--- PROBLEM STATEMENT ---
Should the listing contain images, exclude them; give the rest again exactly.

--- GIVEN MATERIAL ---
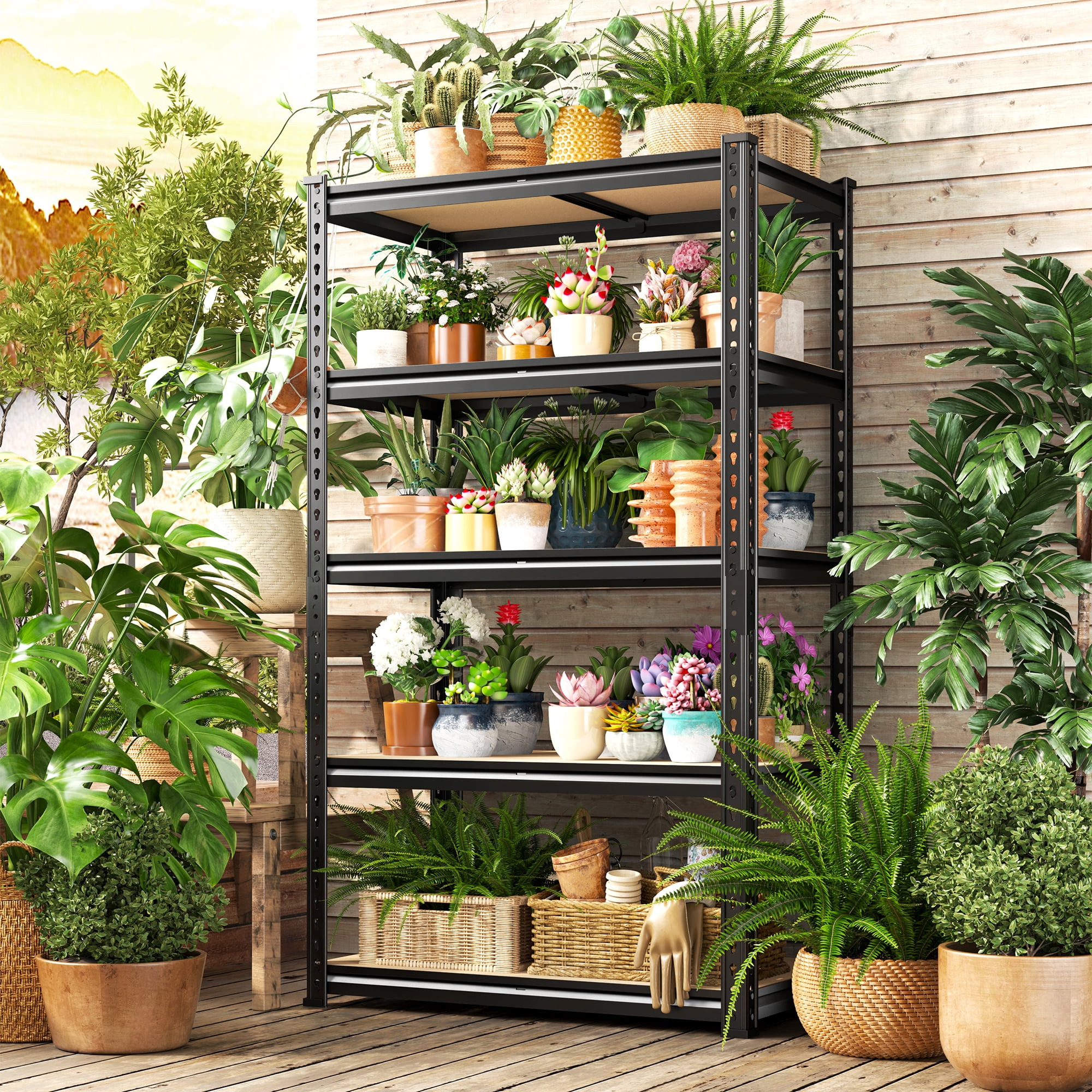 REIBII 5 Tier Garage Shelving Heavy Duty 2000LBS Storage Shelves Units,28"Lx12"Wx60"H
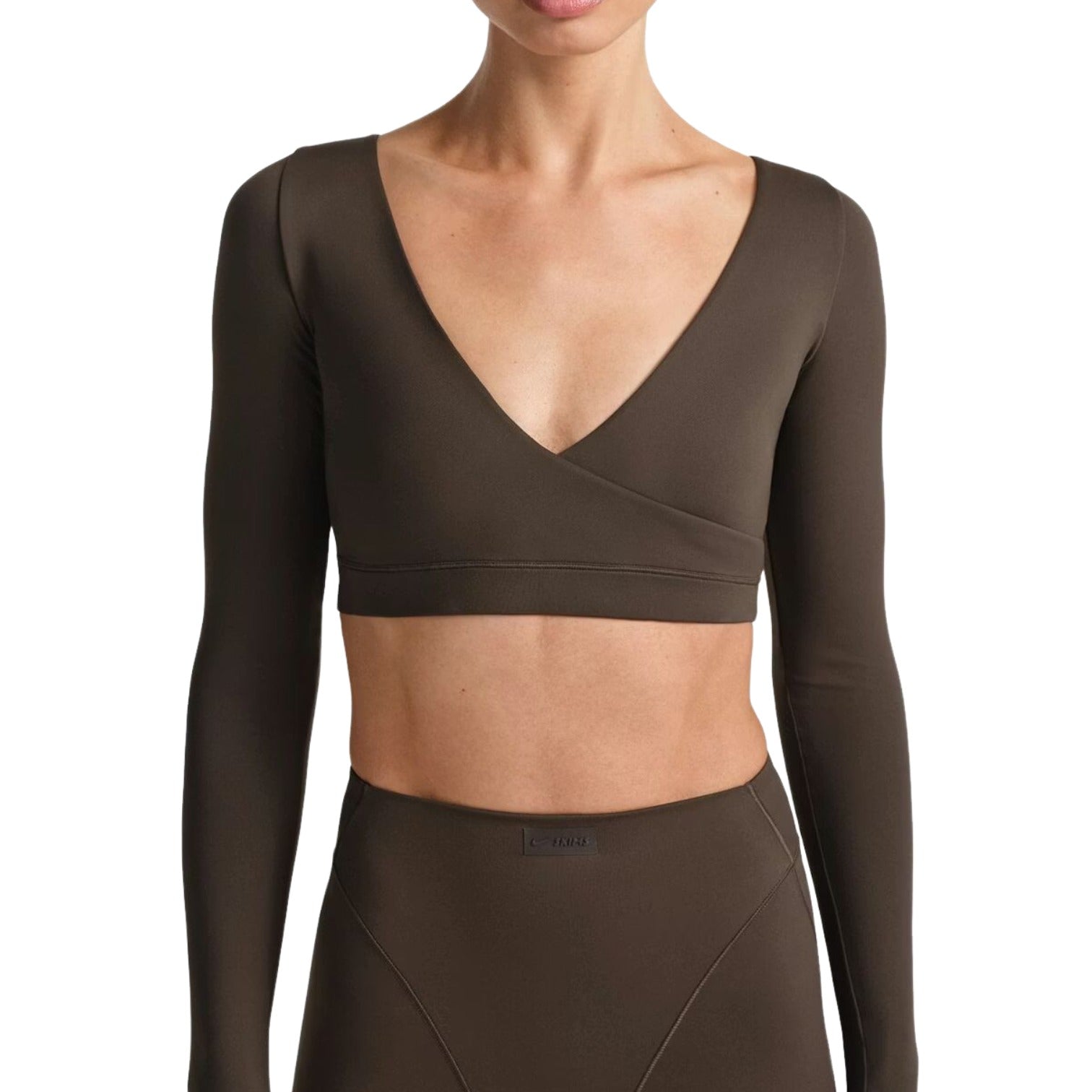 (WMNS) Nike x SKIMS Matte Wrap Long Sleeve Cropped Top 'Dark Sepia' LSLSL9692W-DSP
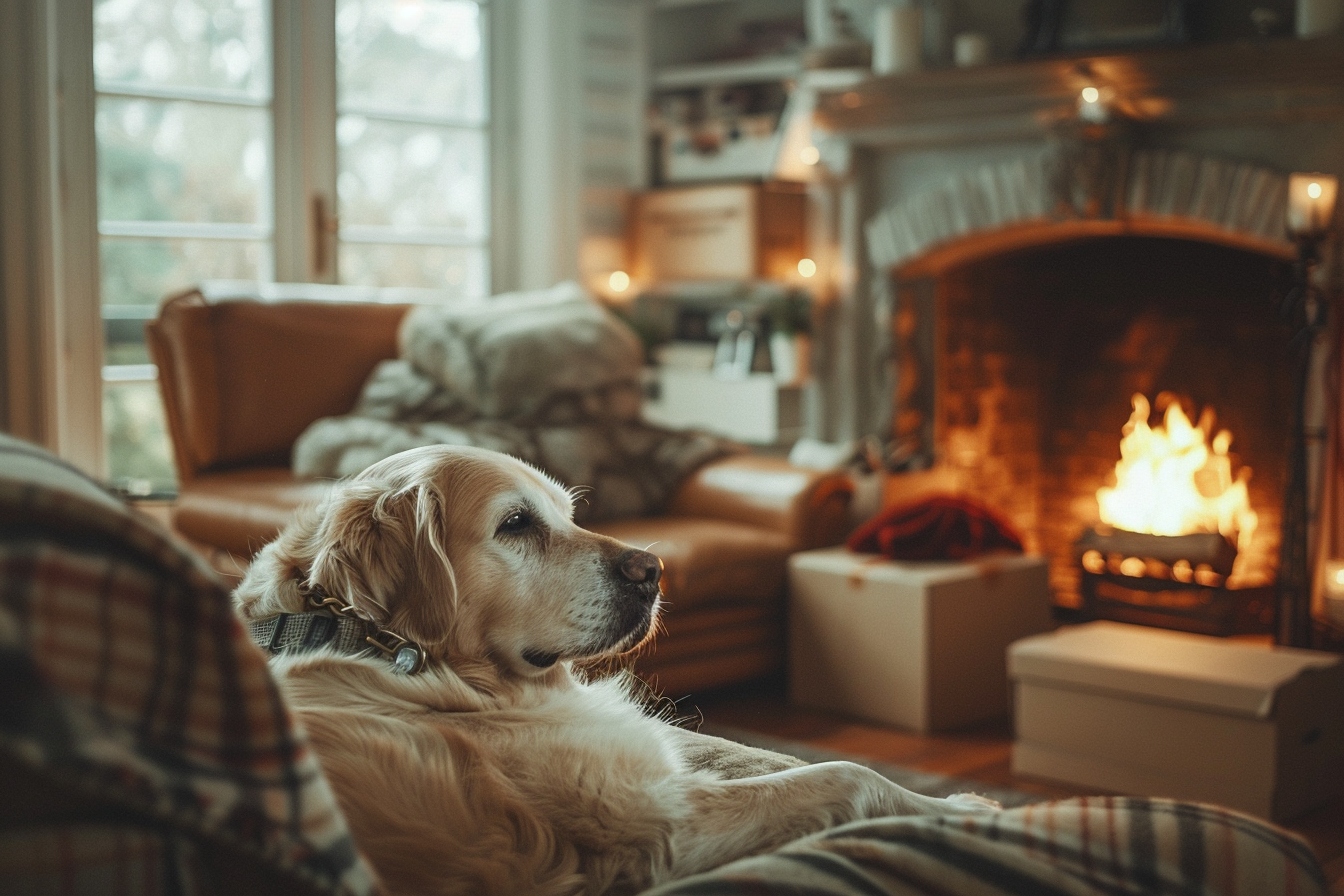 Vieux chien heureux explorant son nouveau domicile à Montauban après un déménagement réussi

--- YOUR RESPONSE ---
 REIBII 5 Tier Garage Shelving Heavy Duty 2000LBS Storage Shelves Units,28"Lx12"Wx60"H
 (WMNS) Nike x SKIMS Matte Wrap Long Sleeve Cropped Top 'Dark Sepia' LSLSL9692W-DSP
 Vieux chien heureux explorant son nouveau domicile à Montauban après un déménagement réussi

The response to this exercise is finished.